“When I was younger I never thought this would be my life,” Jason Reynolds said, as he addressed a packed room for his breakfast keynote at Children’s Institute 5, which took place earlier this month in Portland, Ore. “When I was a kid, I couldn’t see life outside ramen noodles and Kool-Aid.” He spoke of “welfare peanut butter,” the kind with grease so thick it turned your sandwiches into bread balls; of being “fried baloney babies,” who’d gnaw on the skins and spit them out.

“This was the 1980s, when every poor neighborhood was torn apart by drugs. This was a time when every one was dealing it, or doing it,” Reynolds said. “To Kill a Mockingbird wasn’t about me. There was a funny gap from 1980–1999 where other than Walter Dean Myers’s Scorpions, there were no books.” So he gave up reading books at age nine and didn’t read any until he was 17 and in college.

When it came to literature, there was nothing for Reynolds to hold on to, nothing he could relate to. Until rap music. Rap, Reynolds says, “made [me] a writer.” People like to romanticize rap and hip-hop now in the age of Hamilton—“revisionist history,” Reynolds says. “People didn’t always think rap would save the world—and the legions of new fans it’s created.” For Reynolds, rap made him “significant, necessary” and it “told his story.” And what was this budding rap aficionado to do but go buy his first cassette tape? It was Queen Latifah’s Black Rain and it changed his life.

“Queen Latifah was writing poetry,” Reynolds told the crowd. “Maybe,” he mused, “Latifah’s ‘Ladies First’ and Angelou’s ‘Phenomenal Woman’ are the same thing, a generation apart.”

Life, for nine-year-old Jason Reynolds, was solved: he was going to be the next Queen Latifah. No matter that the other kids in his neighborhood swore allegiance to one of the three Michaels (Jordan, Jackson, or Tyson). Reynolds was going to be Latifah, and so he began writing poetry every day.

He continued writing poetry even as he failed his English class in college. It almost happened a second time, but he had the kind of conversations that college students often have with adults in higher education: “I don’t like you, you don’t like me, but I know you don’t want me in your class for another semester.” Reynolds walked away with a D and into a Shakespeare course, where he not only respected the professor but thought him worthy of sharing his sheaf of poetry with. Even when the professor told Reynolds the poems weren’t any good, Reynolds persisted.

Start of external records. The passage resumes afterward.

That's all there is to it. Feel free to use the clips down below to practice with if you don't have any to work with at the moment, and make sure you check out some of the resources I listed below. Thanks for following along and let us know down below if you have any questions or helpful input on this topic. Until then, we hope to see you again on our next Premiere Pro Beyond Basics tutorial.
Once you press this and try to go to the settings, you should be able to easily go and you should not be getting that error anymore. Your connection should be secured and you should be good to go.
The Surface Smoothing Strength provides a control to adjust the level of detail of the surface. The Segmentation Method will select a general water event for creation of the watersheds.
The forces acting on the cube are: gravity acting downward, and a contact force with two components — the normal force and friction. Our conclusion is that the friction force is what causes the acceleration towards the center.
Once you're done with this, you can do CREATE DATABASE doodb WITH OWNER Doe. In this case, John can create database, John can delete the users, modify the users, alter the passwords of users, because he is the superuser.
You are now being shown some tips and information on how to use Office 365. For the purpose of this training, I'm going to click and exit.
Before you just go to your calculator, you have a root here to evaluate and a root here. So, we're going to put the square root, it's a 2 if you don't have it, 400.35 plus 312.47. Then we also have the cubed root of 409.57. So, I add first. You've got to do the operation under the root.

Around this time, Reynolds took a job at Karibu, a Washington, D.C., bookstore (since closed), that celebrated books by authors of African descent. He added, “And we had the Harry Potter books, because we weren’t stupid.” It was here that Reynolds first read Richard Wright’s Black Boy and from the first page, he was captivated. “Here was a kid,” said Reynolds, “who burned down his mama’s house and I thought, ‘That’s what I’m talking about!’ ” After Wright, he went through the stacks, devoured the classics, reading James Baldwin, Zora Neale Hurston, and Toni Morrison, just as a new sub-genre swept the scene. This “street fiction” was both a new craze—people would come into the shop and buy up titles by the bagful—and a new panic, according to Reynolds. The older generation shuddered, thinking it was the death knell of black writers, that young readers would only want this new—and to the older readers, inferior—product. But Reynolds “understood why [these books] were working” and it was precisely because they “filled the same void as rap music: they were raw and honest. For some kids, this was their life.”

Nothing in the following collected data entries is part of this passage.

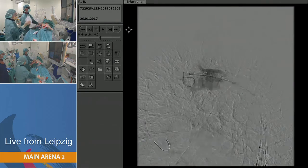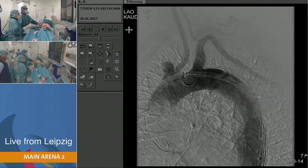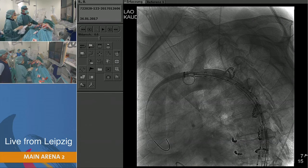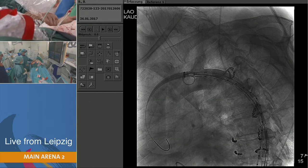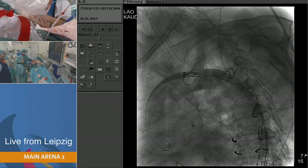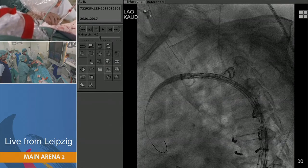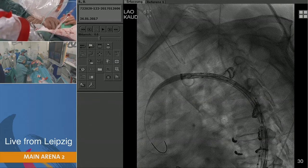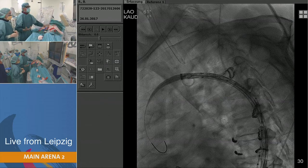What guidewire are you using? This is a Lunderquist wire, 260 centimeters long. I think this is a very good position. We have a little bit of a landing zone here to the subclavian artery — the first entry tear is actually a little further down, so this should be an excellent position. The neck length before the entry tear is in fact three centimeters. There is already some intramural hematoma reaching up to but not around the subclavian artery, so I think this is a very good position.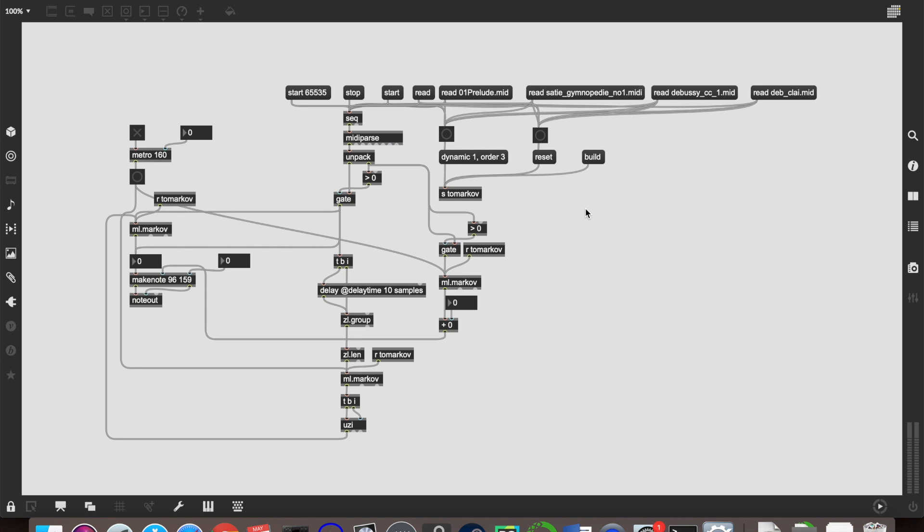Hello and welcome back to part two in our ML.Markov tutorial series in MaxMSP. If you've not seen part one, please go and have a look at that first. But for now we're going to be cracking straight on.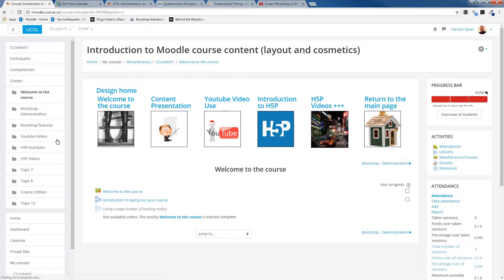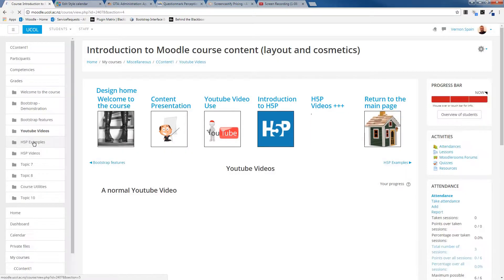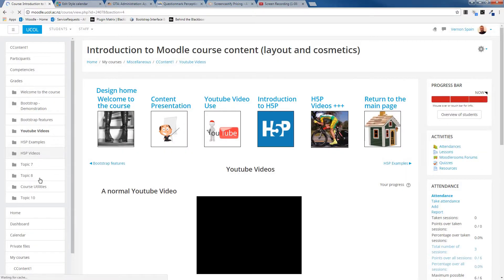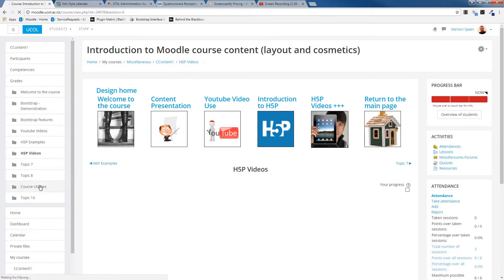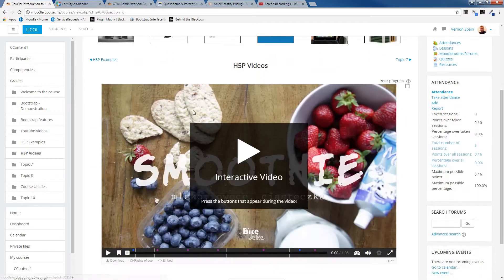This is a test recording. This is the sample course page — all of these have been turned into navigation items. Here's just some of the activities; if I click on these it quickly jumps between the different areas.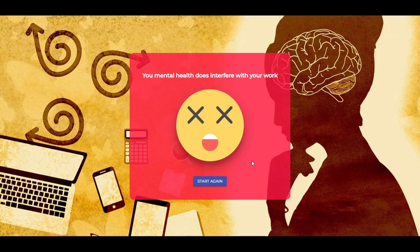It seems like my mental health interfered with my work. Now Shoptik will explain the technical aspects of this project. Over to you, Shoptik.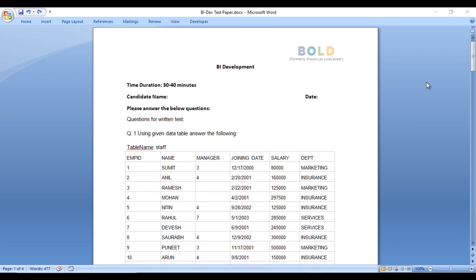Hey guys, welcome to SS Unitech. This is a continuation of SQL Server interview questions and answers. Today we are going to see one more interview question. Recently one of my friends attended an interview with Bolt Technologies, and the first round was a written interview. Here we have the question paper that was shared by Bolt. The time duration was 30 to 40 minutes, with a few questions related to SQL Server and Power BI.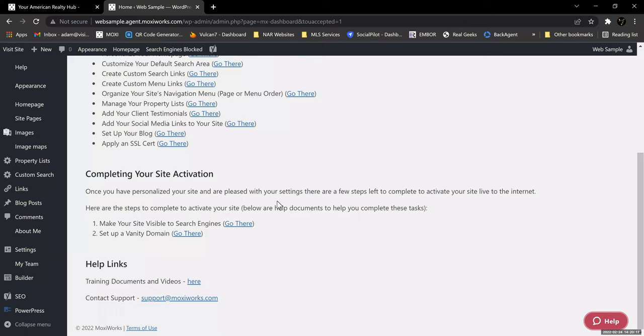Under Complete Your Site Activation, there are a couple of things you're going to want to do even if you're staying with the basic default site. That is: make your site visible to search engines, and set up a vanity domain if you wish to. A vanity domain would be like geraldcooperrealestate.com — as opposed to something like websample.agent.moxieworks.com. So you'll see that there's a difference there.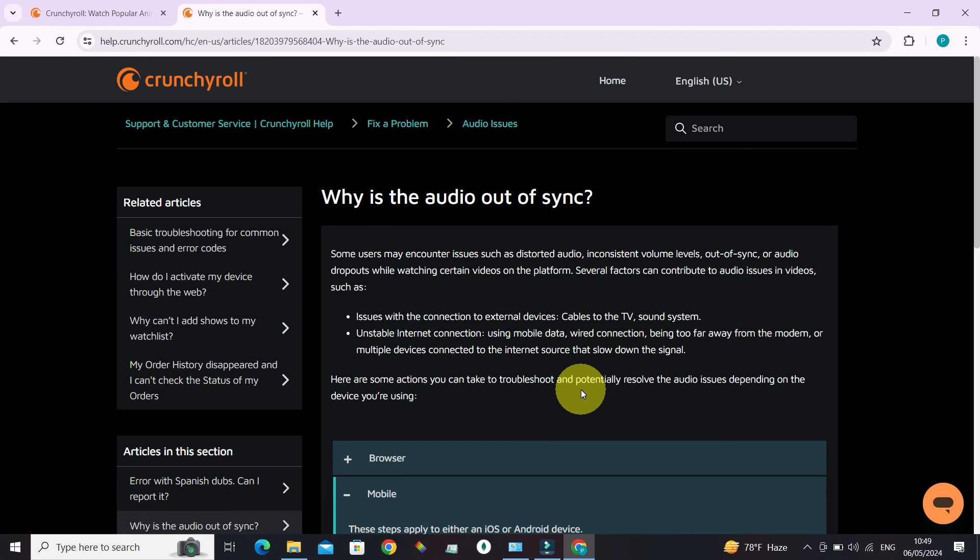And if you still have any questions or comments regarding fixing audio issues in Crunchyroll, do leave them in the comment section. We'll get back to you right away. Until next time, bye.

“I’ve been told what I can’t do my whole life,” Reynolds said, and so when he moved to New York after college and got a book deal, along with co-writer Jason Griffin, he called his mother and told her he’d made it. But in 2009, when that book (My Name Is Jason. Mine Too, HarperTeen) came out, it flopped, much like the surrounding economy. Reynolds wanted to quit. At this point, he was living in his car. Quitting seemed natural, almost; he had gotten farther than most, with a published book to his name. When he told his friend Christopher Myers, son of Walter Dean Myers, that he wanted to throw in the towel, Myers, an accomplished author and illustrator in his own right, suggested that Reynolds “put [his] natural tongue down” on the page and see where that took him. In time it took him to an award-winning series of middle-grade novels (including The Boy in the Black Suit, Ghost and the upcoming Patina) that feature kids who talk like he did, act like he did, and dream big like he did.

“That story that you’re looking for? You already have it, inside. It’s you,” Reynolds told the audience in closing. “Booksellers, it’s your job to have those books. As a kid, I needed the books to say, ‘We are happy you are here.’ Cool? I want to make sure a young person isn’t deprived. There aren’t so many Queen Latifahs anymore.”